WHAT TO PRODUCE:
From the data below, return only the lines from the one with "Orphelia Ohrstecker für" through the one with "referral program of faucet crypto", exact and inclusive, with pictures left out.

TASK DATA:
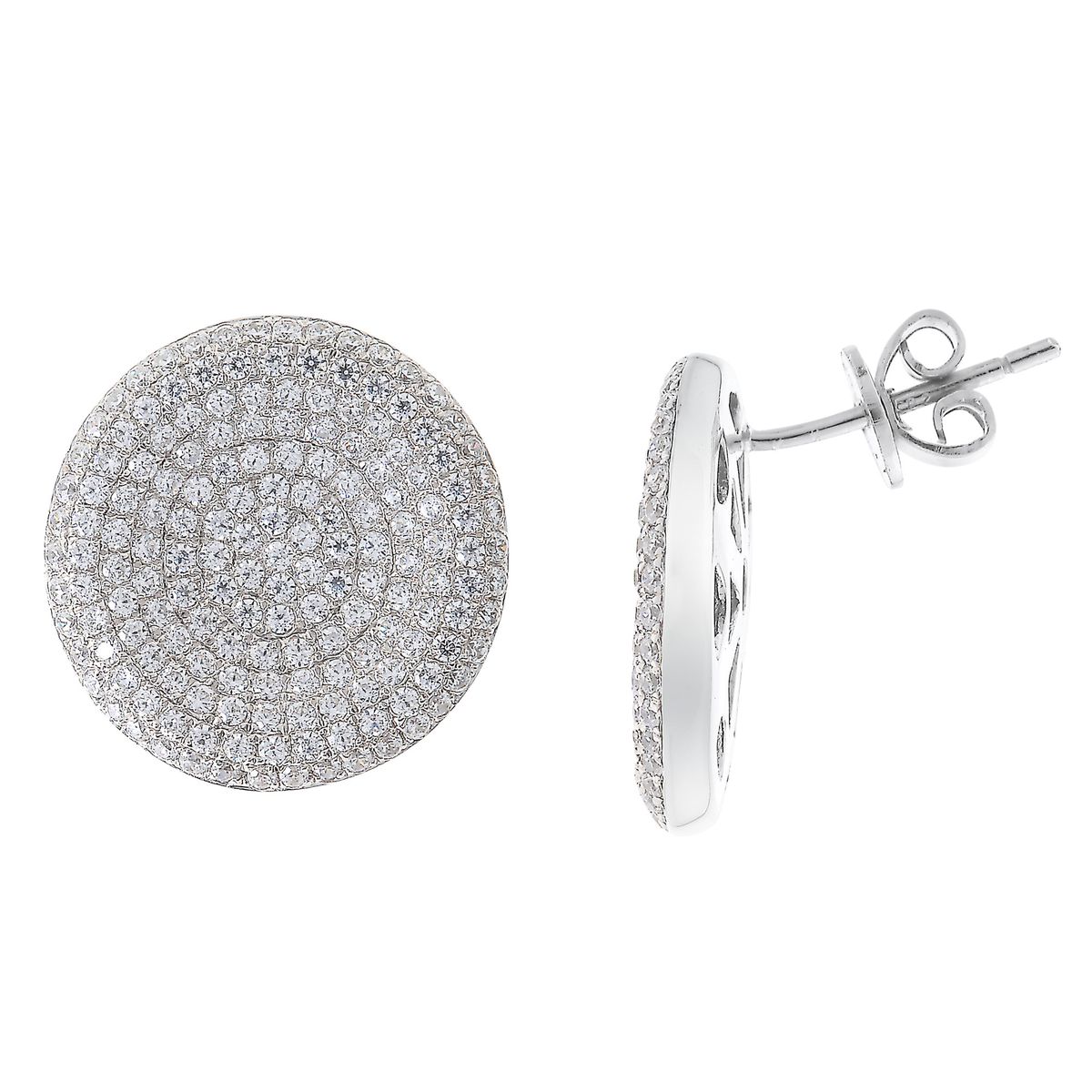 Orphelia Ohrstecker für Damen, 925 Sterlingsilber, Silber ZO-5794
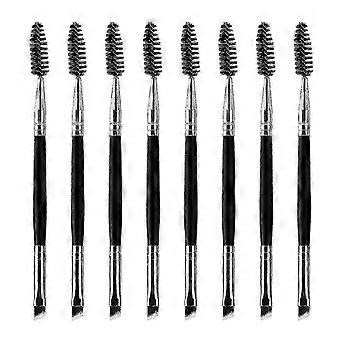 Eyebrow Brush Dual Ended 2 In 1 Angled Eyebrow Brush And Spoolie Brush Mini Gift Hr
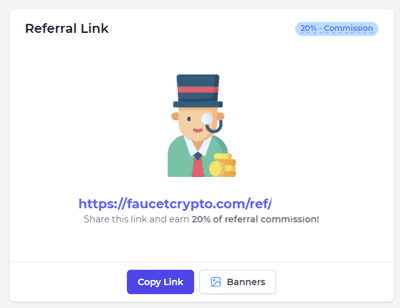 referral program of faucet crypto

...

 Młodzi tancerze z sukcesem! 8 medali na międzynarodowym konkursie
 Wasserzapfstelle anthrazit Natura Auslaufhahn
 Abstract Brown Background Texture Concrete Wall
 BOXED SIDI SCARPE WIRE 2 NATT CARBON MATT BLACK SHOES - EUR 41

...

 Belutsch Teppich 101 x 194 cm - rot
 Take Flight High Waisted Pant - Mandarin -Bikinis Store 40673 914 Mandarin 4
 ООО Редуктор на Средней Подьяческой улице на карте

RESULT FOR THIS EXERCISE:
 Orphelia Ohrstecker für Damen, 925 Sterlingsilber, Silber ZO-5794
 Eyebrow Brush Dual Ended 2 In 1 Angled Eyebrow Brush And Spoolie Brush Mini Gift Hr
 referral program of faucet crypto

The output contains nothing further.